The six dancers were joined by two more dancers for the last piece. Exhausting rehearsals paid off with a dance group that doesn't miss a beat. The group of dancers performed three sets, 20 minute each, with 20 minute intermissions. The segments included: Murder Ballades, Harbor Me and Hearts & Arrows. Each of the three pieces stood on its own and sent individual messages through fanciful and graceful moves.
Murder Ballades was choreographed by Justin Peck to the score of Bryce Dessner with costume design by Peck. Anticipating a very athletic segment, the six dancers were dressed in sneakers and casual summer clothes with shorts and tops. The dancers twisted, turned, leaped, went to the floor, and performed precision antics depicting dark connotations of murder, yet the backdrop on stage was pleasantly colorful.
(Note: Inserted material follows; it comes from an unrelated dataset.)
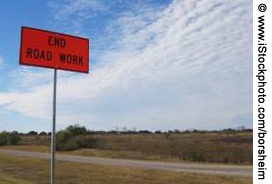 A sign reading "End Road Work" is seen in the foreground, with fields and blue sky in the background.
Among the young and talented dancers one young lady, a graduate of Juilliard School, Julia Eichten who struck me as particularly special. Her brunette pony tail seemed to keep swishing around and coordinate with her dancing in a most enjoyable way.
Coincidentally, during the first intermission, a lovely woman asked if I was reviewing this performance and I answered yes. Then she came by again to strike up a conversation by telling me she was Julia's mom here to see her daughter perform. She was on her way back to Minnesota from Florida. She didn't need to bribe me into writing about her daughter because I showed her on my writing pad that I already acknowledged Julia out as special.
The other dancers included: Stephanie Amureo, Laura Bachman, Anthony Bryant, Aaron Carr, Morgan Lugo, Nathan Makolandra, Robbie Moore, and Lilja Rachelle Ruriksdottir.
Harbor Me was choreographed by Sidi Larbi Cherkaoui to the music of Extension, Park Woojae Geomugo. This music sounded agonizing like a Yiddish kvetch. The stage was mostly dark with slight illumination from lights filtered through smoke. The dancers spent lots of time rolling around on the floor in geometric pattern wrapping around each other. This movement upstaged the dancers because the lack of lighting was a distraction and made it difficult to see the actual performance.
The finale was a fun-filled dance presentation by choreographer Benjamin Millepied, founding director of L.A.Dance Project. He used the music of Phillip Glass who has been featured for many years at Spoleto Festival USA. This time we heard String Quartet no. 3 "Mishima" as the music that projected the group into mini outbursts of dance energy/ They were coming on and off stage in a blink of an eye. The dancers had individual and duet and ensemble segments that complemented their assets. Whimsical, cute costumes accentuated their flips and splits.
This ambitious and remarkable company took Spoleto Festival USA by storm.Y'all come back!